> **GOAL OF THE EXERCISE**:
Leave the images out, and otherwise write out each entry exactly.
_____
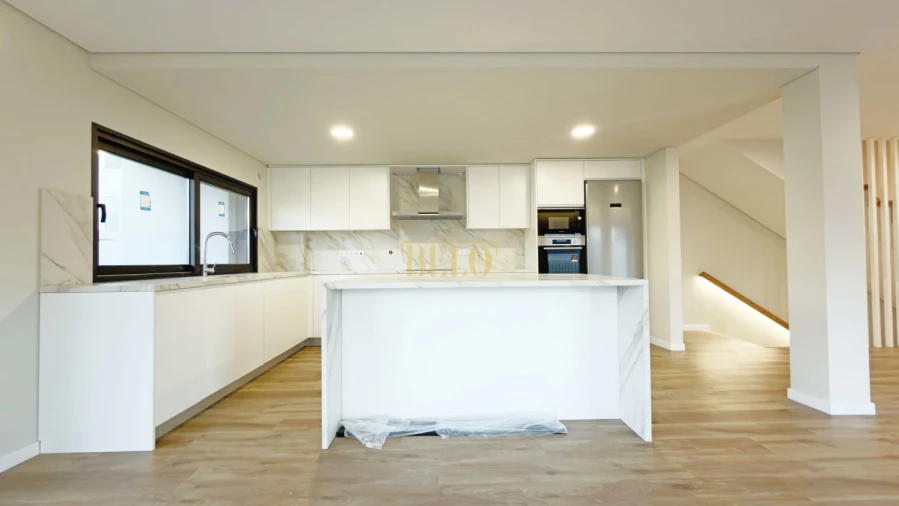 Moradia T3 para Venda em Nogueira e Silva Escura Foto 11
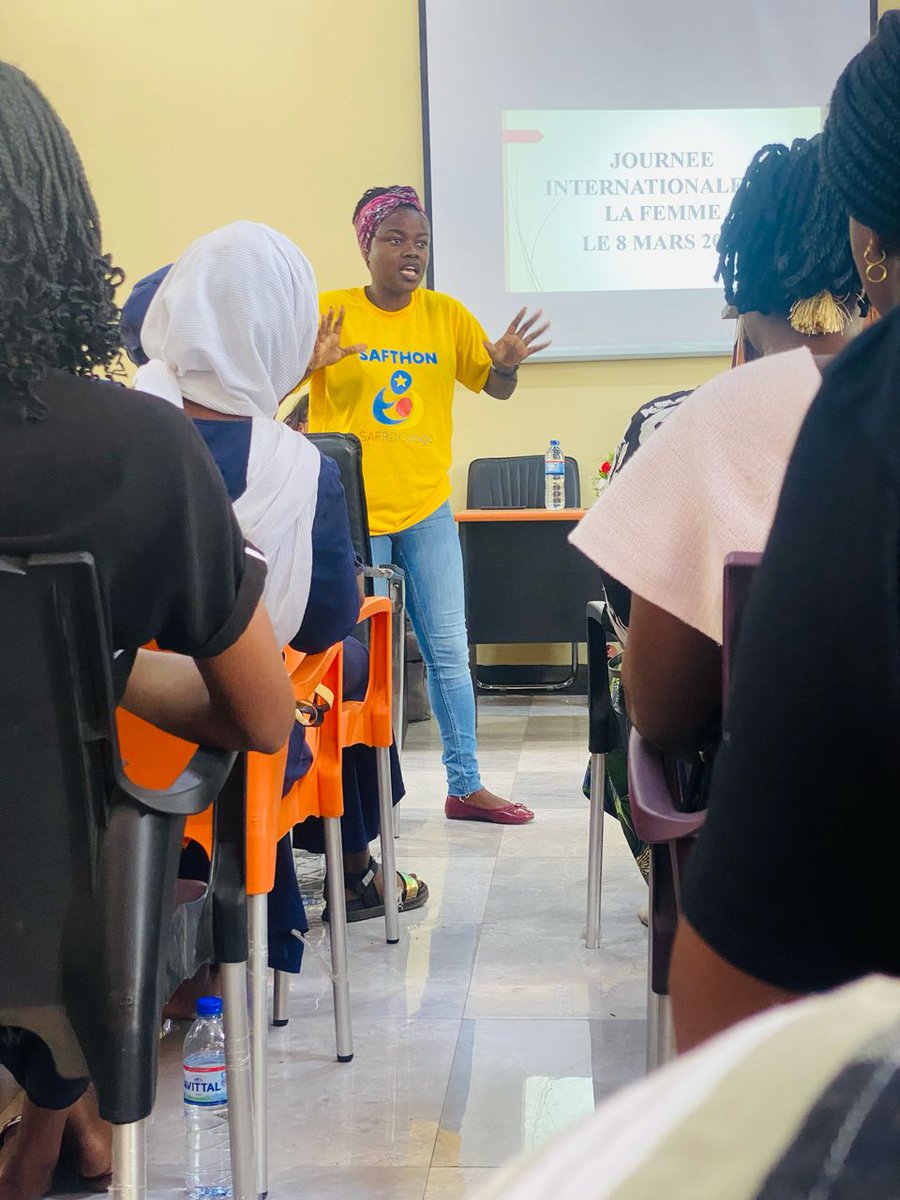 safrdcongo's tweet photo. Un échange enrichissant s'est tenu ce vendredi 14 mars 2025 avec les étudiants de l'ISTM/GOMA cela sous la thématique relative à la prévention des conséquences liées à la consommation d'alcool durant la période de la grossesse. Un intérêt particulier s'est fait voir. https://t.co/NkAVryWPEJ
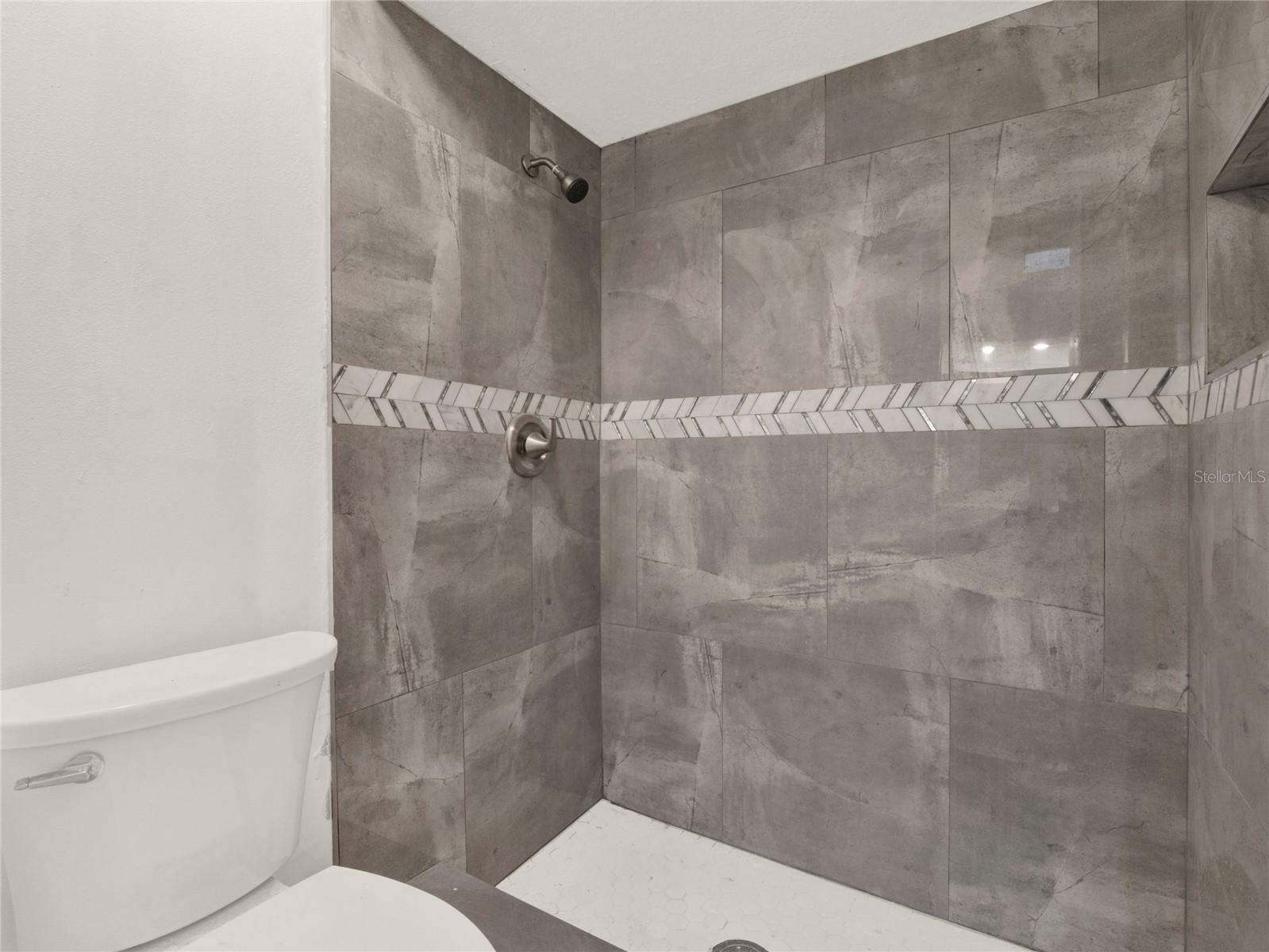 Image 12 of 18 For 6673 Doubletrace Lane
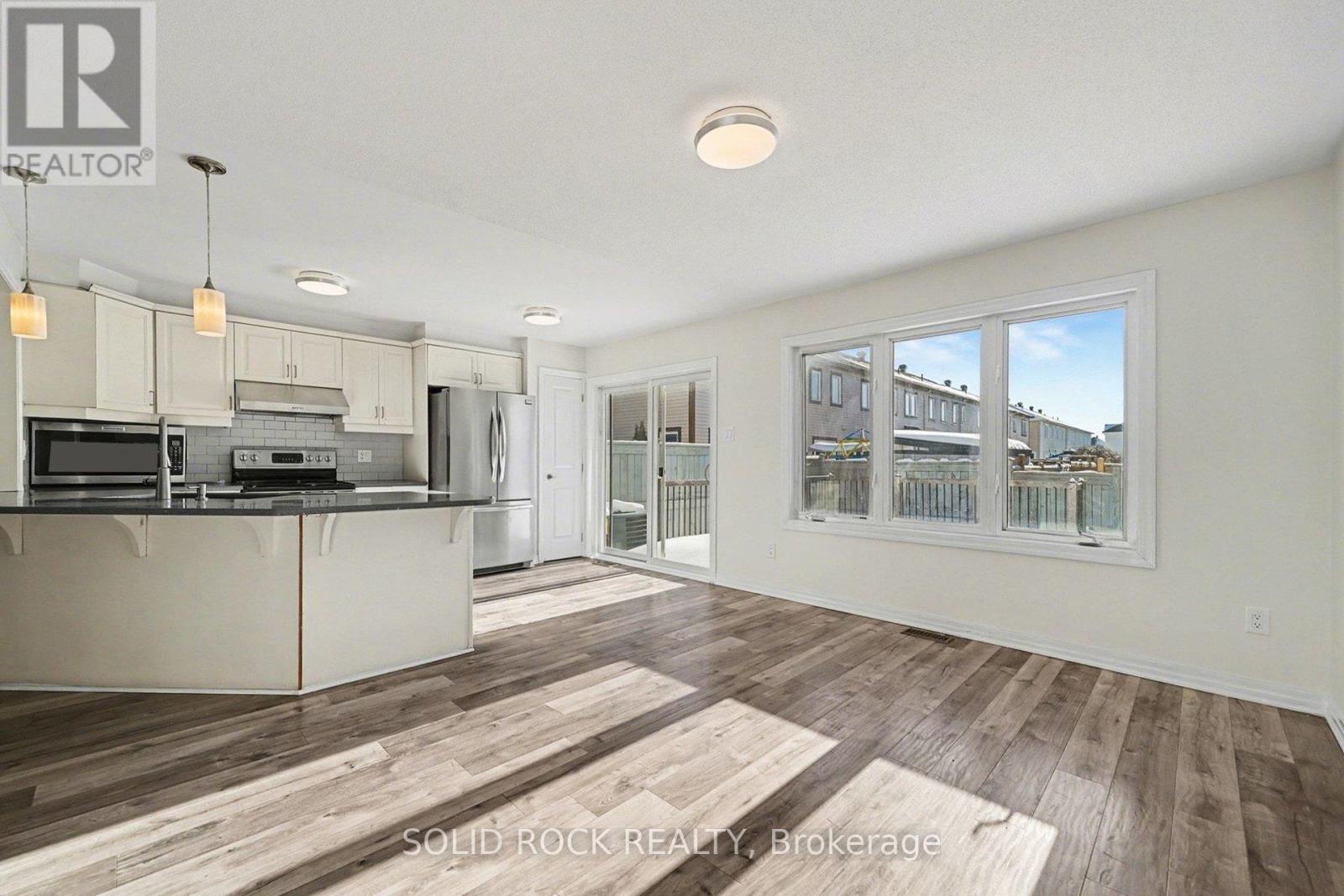 407 White Arctic Avenue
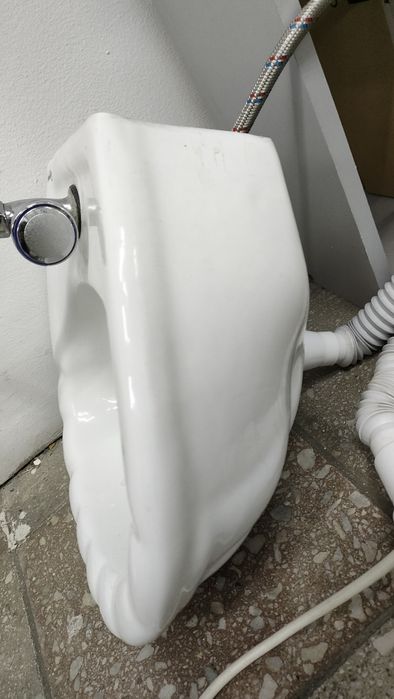 Керамическая раковина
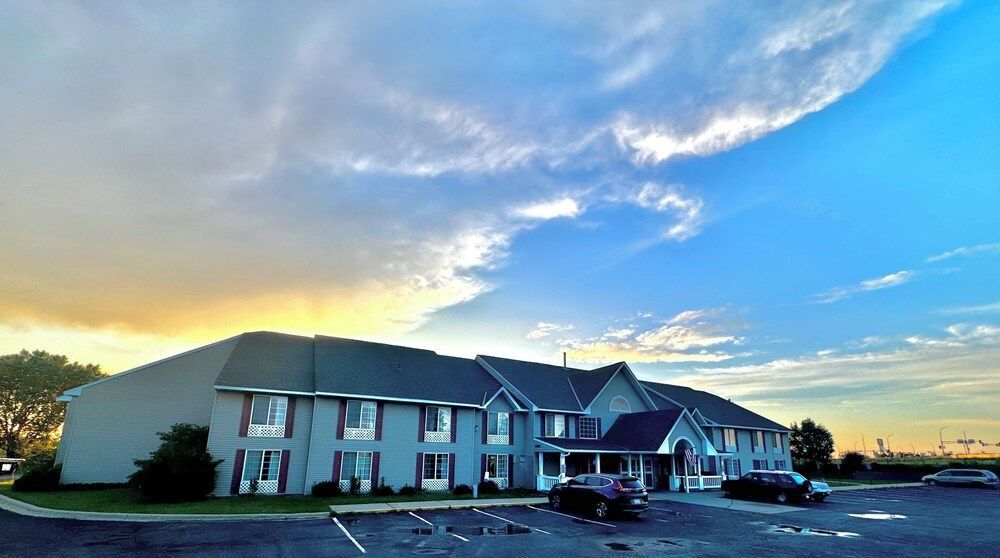 Quality Inn & Suites Alexandria 1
_____
> **RESULT OF THE EXERCISE**:
 Moradia T3 para Venda em Nogueira e Silva Escura Foto 11
 safrdcongo's tweet photo. Un échange enrichissant s'est tenu ce vendredi 14 mars 2025 avec les étudiants de l'ISTM/GOMA cela sous la thématique relative à la prévention des conséquences liées à la consommation d'alcool durant la période de la grossesse. Un intérêt particulier s'est fait voir. https://t.co/NkAVryWPEJ
 Image 12 of 18 For 6673 Doubletrace Lane
 407 White Arctic Avenue
 Керамическая раковина
 Quality Inn & Suites Alexandria 1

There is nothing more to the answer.